*TASK GOAL*: Without the images, print all the entries below exactly as given.

Scraped caption text data:

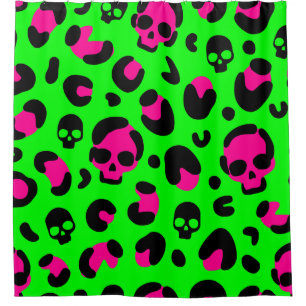 Cortina De Ducha crepitoso cráneo de leopardo de halloween punk ver
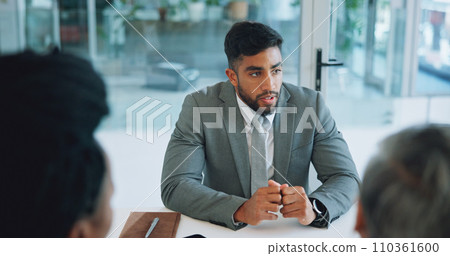 Corporate meeting, professional people and man consulting, sales pitch and negotiation with business investment clients. Collaboration, teamwork and group listening to ideas, strategy or company plan 110361600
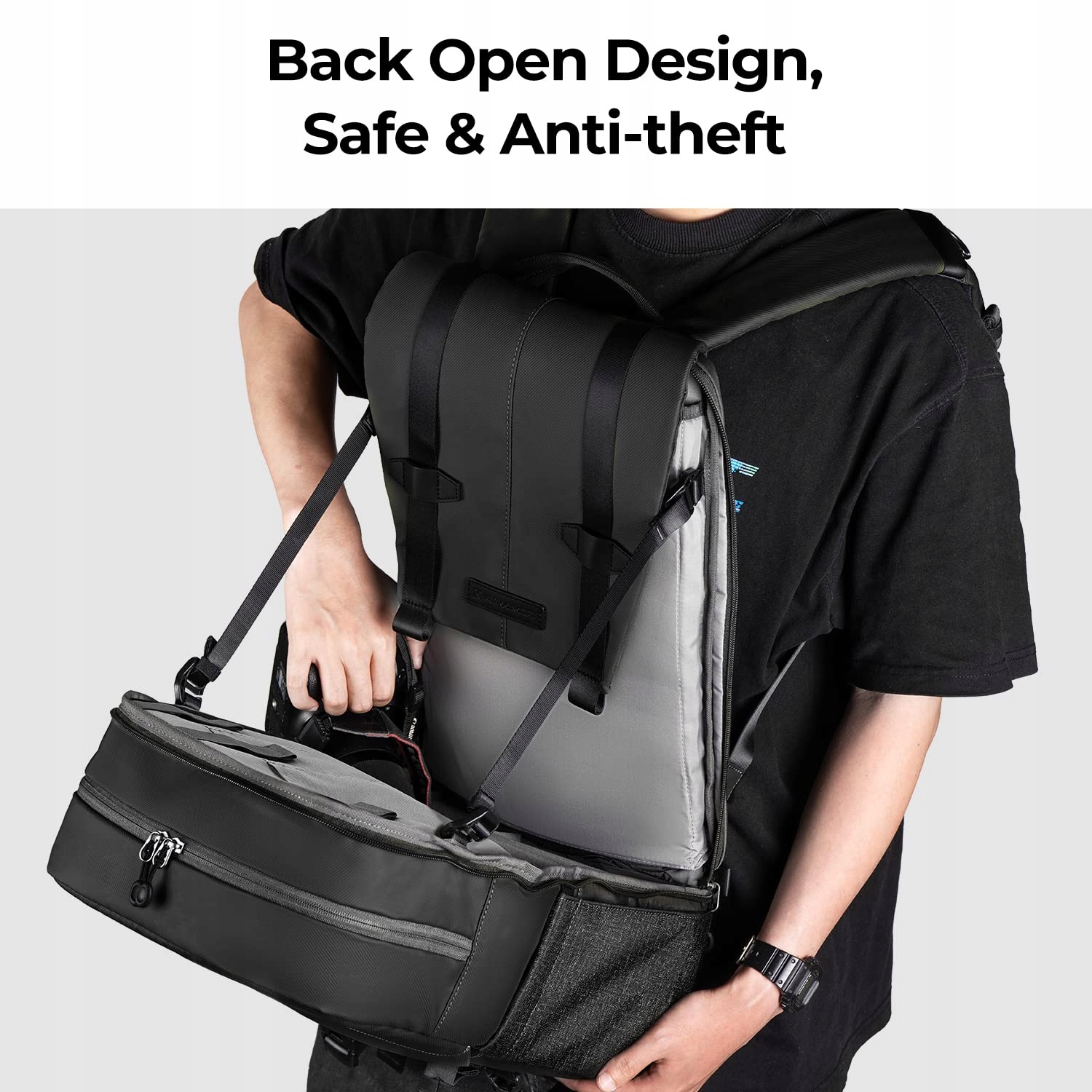 K&F CONCEPT Plecak Na Aparat Z Przegrodą Na Laptop 15-15,6 Cal — miniatura 4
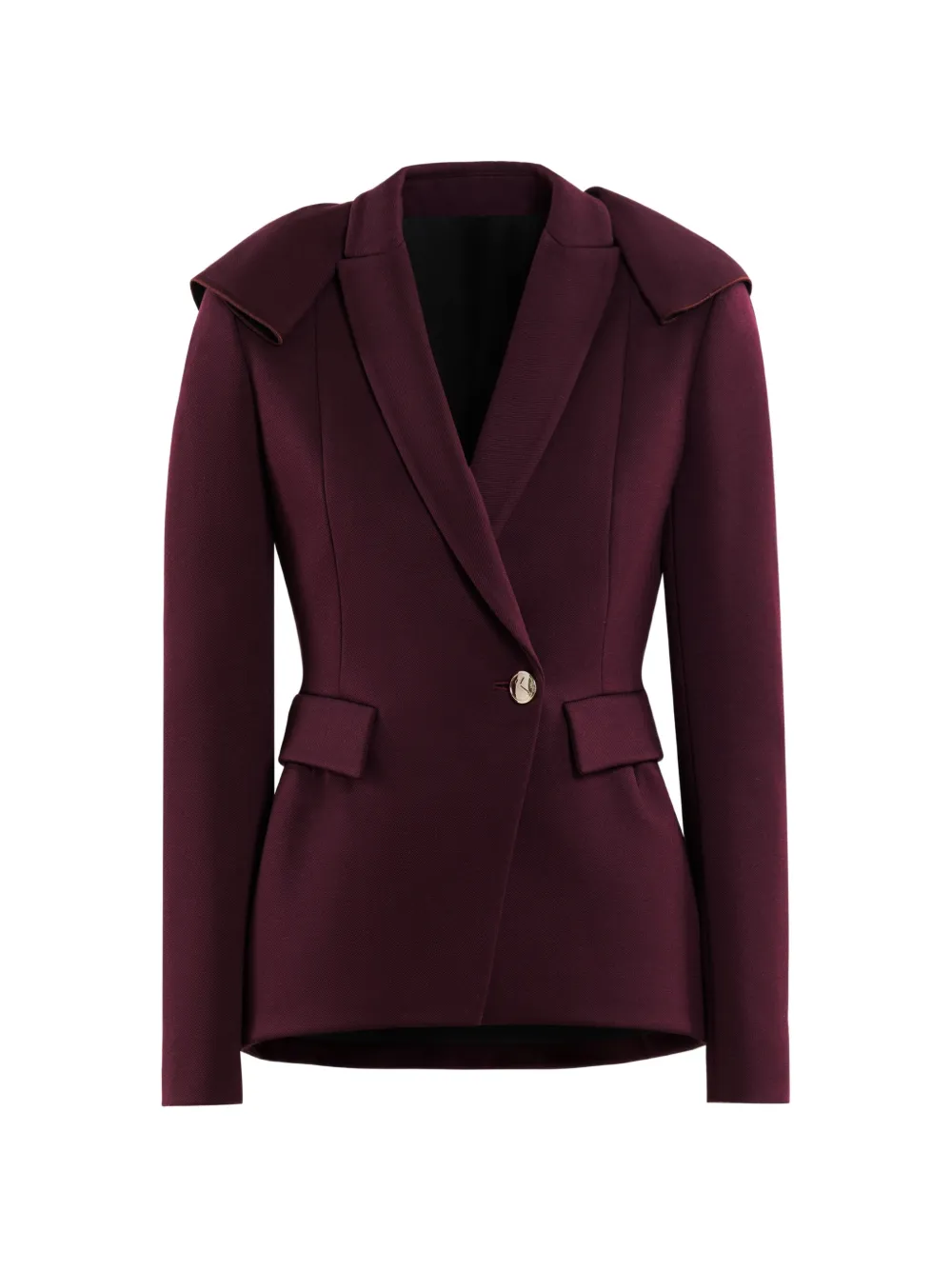 Saiid Kobeisy Ruffled Tailored Jacket In Purple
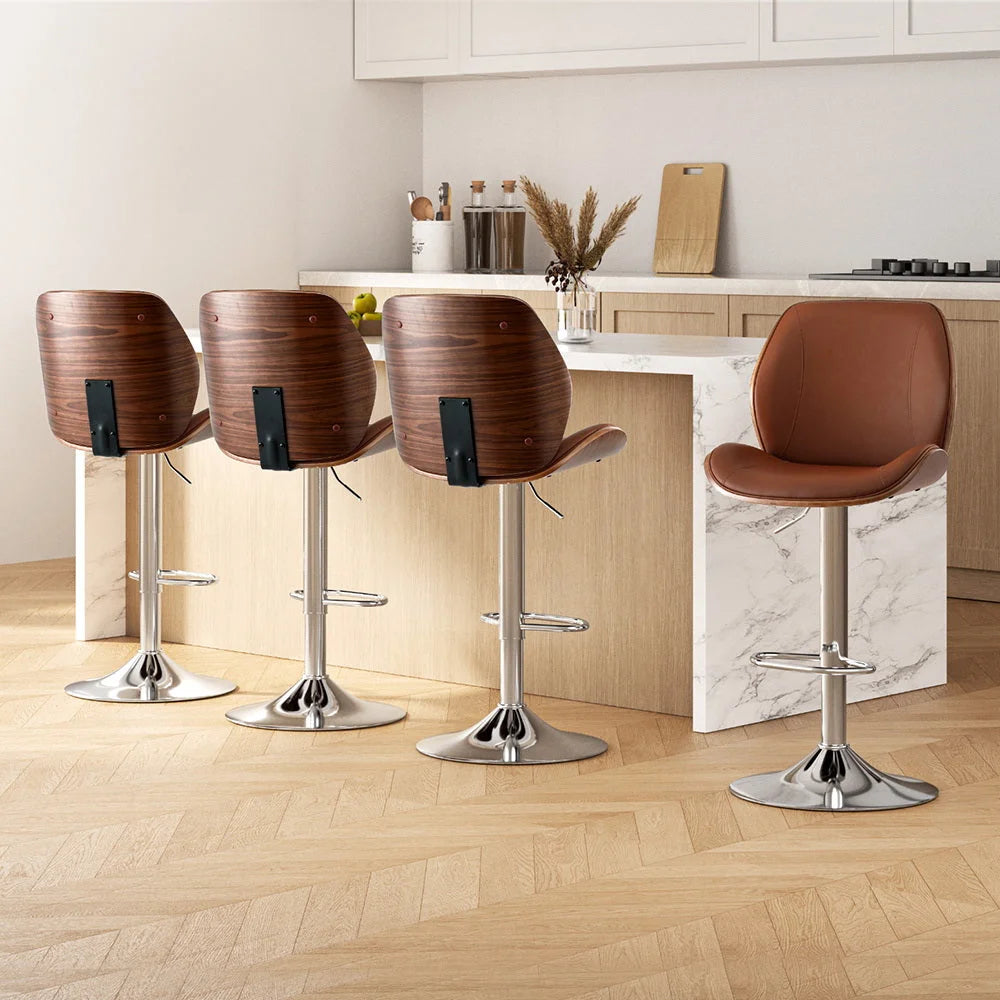 Artiss 4X Bar Stools Bentwood Adjustable Kitchen Counter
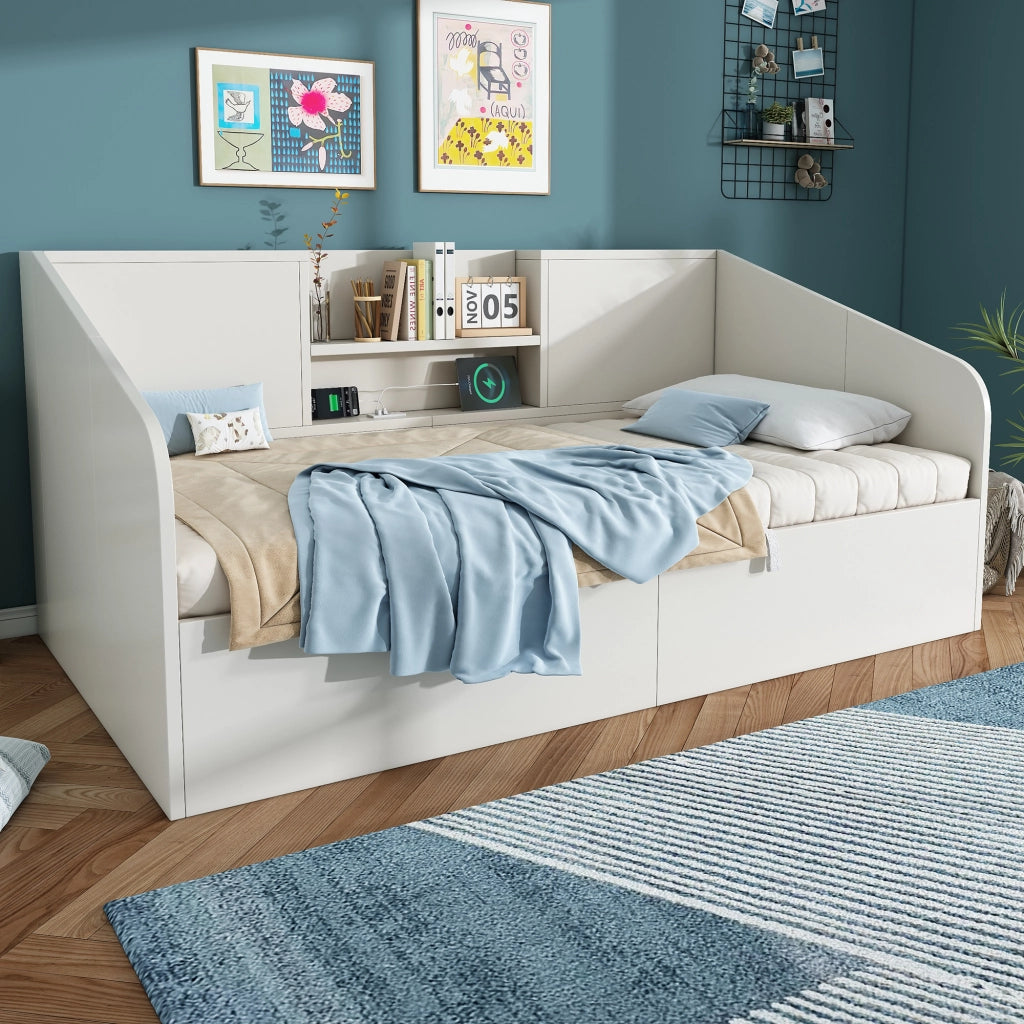 LETTO da giorno contenitore idraulico 90x190 cm in legno bianco con USB e Type-C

*PROBLEM SOLUTION*:
 Cortina De Ducha crepitoso cráneo de leopardo de halloween punk ver
 Corporate meeting, professional people and man consulting, sales pitch and negotiation with business investment clients. Collaboration, teamwork and group listening to ideas, strategy or company plan 110361600
 K&F CONCEPT Plecak Na Aparat Z Przegrodą Na Laptop 15-15,6 Cal — miniatura 4
 Saiid Kobeisy Ruffled Tailored Jacket In Purple
 Artiss 4X Bar Stools Bentwood Adjustable Kitchen Counter
 LETTO da giorno contenitore idraulico 90x190 cm in legno bianco con USB e Type-C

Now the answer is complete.